According to CNN, United States’ NAFTA nemesis is Canada, not Mexico. America and Canada are the world’s largest trade partners, even larger than U.S. and China.
But that U.S.-Canada trade relationship over the years has not been as smooth as you might think. There have been trade wars, acts of retaliation, allegations of dumping and jobs lost.
“Our trading relationship obviously is strong…but the relationship has been rocky, despite the agreements we have in place,” says Stuart Trew, an editor at the Canadian Centre for Policy Alternatives, a research group in Ottawa, Canada’s capital.
President-elect Donald Trump has often slammed Mexico and NAFTA, the trade agreement between the U.S., Mexico and Canada. But Canada is rarely mentioned.

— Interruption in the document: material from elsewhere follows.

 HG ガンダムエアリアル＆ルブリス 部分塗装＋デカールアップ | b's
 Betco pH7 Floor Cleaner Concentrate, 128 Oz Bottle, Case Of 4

Yet, there have been more NAFTA dispute claims against Canada — almost all by U.S. companies — than against Mexico. Even today, Canada has stiff tariffs against the United States and the two sides only recently resolved a bitter dispute over meat.
Most leaders and experts stress that trade ties between the two nations are strong and mostly positive. But Canada and America have had plenty of battles along the way.
Now Trump wants to renegotiate or terminate NAFTA starting Day 1 of his presidency.
1. Canada gets in more NAFTA trouble than Mexico
Listening to Trump, you might think Mexico is the bad actor of NAFTA. But since NAFTA’s inception in 1994, there have been 35 complaints brought against Canada, almost all by U.S. companies.
There’s only been 22 against Mexico. (By comparison, companies from both Mexico and Canada have filed a total of 20 complaints against the U.S.)
And increasingly, Canada is the target of complaints. Since 2005, Canada has been hit with 70% of the NAFTA dispute claims, according to CCPA, a Canadian research firm.
2. The U.S. – Canada lumber battle
NAFTA isn’t the only sore area. In 2002, the U.S. slapped a roughly 30% tariff on Canadian lumber, alleging that Canada was “dumping” its wood on the U.S. market. Canada rejected the claim and argued the tariff cost its lumber companies 30,000 jobs.
“It was a very sour point in Canadian – American relations for quite a while,” says Tom Velk, an economics professor at McGill University in Montreal.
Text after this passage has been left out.